▸ Directions
Would you give the listing again exactly, without its images?

▸ Data provided
=== Section Start ===

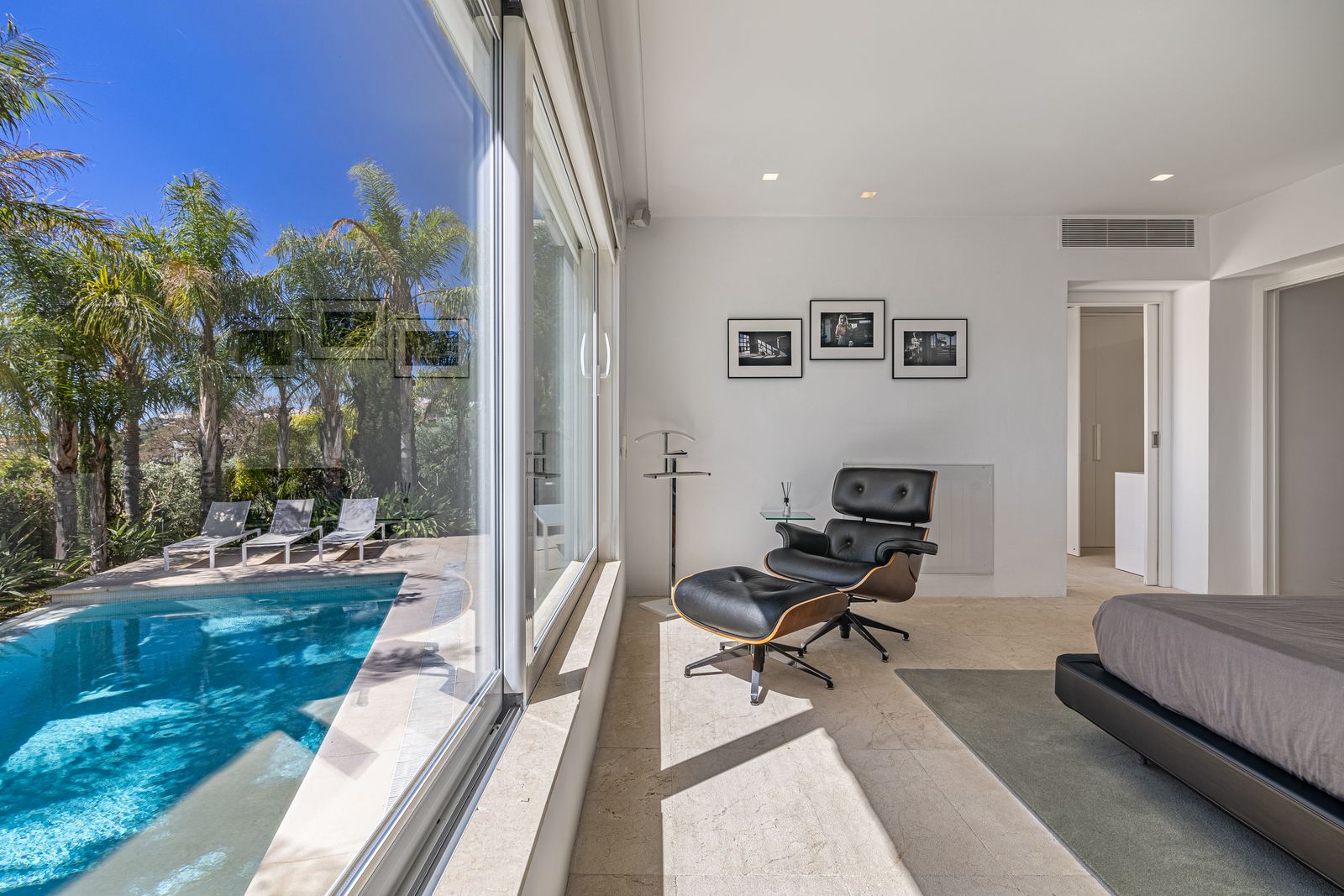 Bedroom with floor-to-ceiling glass doors overlooking the pool and an armchair with a footstool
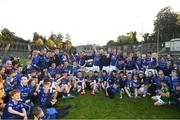 22 October 2023; Scotstown players and supporters celebrate with cup after the Monaghan County Senior Club Football Championship final between Inniskeen and Scotstown at St Tiernach's Park in Clones, Monaghan. Photo by Philip Fitzpatrick/Sportsfile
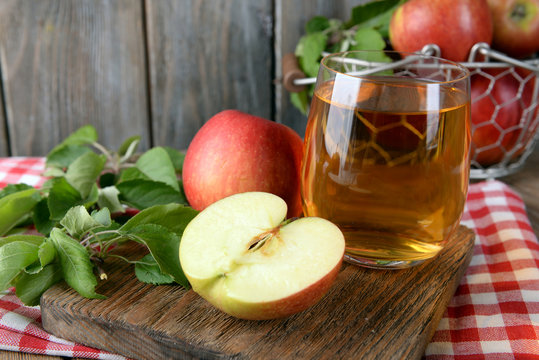 Glass of apple juice on wooden background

=== Section End ===

▸ Written solution
 Bedroom with floor-to-ceiling glass doors overlooking the pool and an armchair with a footstool
 22 October 2023; Scotstown players and supporters celebrate with cup after the Monaghan County Senior Club Football Championship final between Inniskeen and Scotstown at St Tiernach's Park in Clones, Monaghan. Photo by Philip Fitzpatrick/Sportsfile
 Glass of apple juice on wooden background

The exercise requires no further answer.